The somatic–germline distinction drawn in the previous chapter maps onto this conclusion with some precision. Somatic restoration — the senolytic, the partial reprogramming, the in vivo base edit confined, as in the first treated infant, to the cells of one body and one life (Musunuru et al., 2025) — is the modest, defensible centre of the field, the place where the Principle of Humanity offers no objection because no remaking of the human kind is in train. Heritable, germline, species-level modification is where the principle’s caution becomes a brake, because there the choice is made on behalf of beings who cannot be consulted and whose nature is being set rather than repaired. The line that ethics drew in Chapter 14 is the same line philosophy draws here, approached from the other side: the postponement of an individual’s decline is one thing, the redesign of the species is another, and the entire weight of the argument falls on keeping them distinct.
A residue remains, one the consolation traditions identified at the outset. Even granting that geroscience is therapy and not radical enhancement, even granting that a postponed decline is a restoration and not a transgression, the Makropulos question does not dissolve. Whether a substantially longer life is a substantially better one is not settled by showing that it is medically permissible to seek it; that question turns, as Williams and his critics agree even as they disagree about the answer, on what those added years would contain and on whether the self that lived them would still be one for whom things could matter (Fischer, 2024; Williams, 1973). The traditions that made finitude a fixed point were answering this question — how to live well as a being with a term — and the unsettling of the frame does not retire their question but sharpens it. A creature who can adjust the term must decide what the term is for, and no amount of biology will make that decision for it. The science of the preceding parts has handed the species a dial it did not have. It has not told it where to set it, and the disciplines that might — the ones surveyed in these pages and the ones that lie beyond them — have only begun the work.

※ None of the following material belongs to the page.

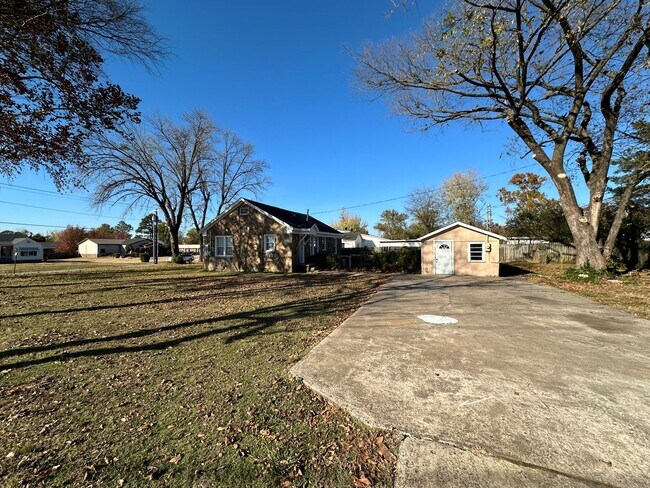Building Photo - 4221 Jenny Lind Rd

The two modern accounts of death’s badness frame that open question precisely. The deprivation account holds that a death is worse the more good life it forecloses, which seems to license the indefinite postponement of decline; the Makropulos argument holds that the good a long life forecloses may itself run out, so that past some point a further postponement deprives one of nothing worth having. On inspection they do not contradict each other. The deprivation account explains why averting an early or a decline-ridden death is a benefit; the Makropulos argument explains why that benefit need not extend without limit, and why the operative question is not how long but how much of what matters a longer life would hold. A geroscience that compresses morbidity and restores good years to a life that disease would have cut short is, on both accounts, doing good. A project aimed instead at sheer duration, indefinitely prolonged, would have to answer the harder question the ancients posed and the moderns have not closed — and would find that biology, having surrendered the dial, falls silent exactly where the question turns philosophical.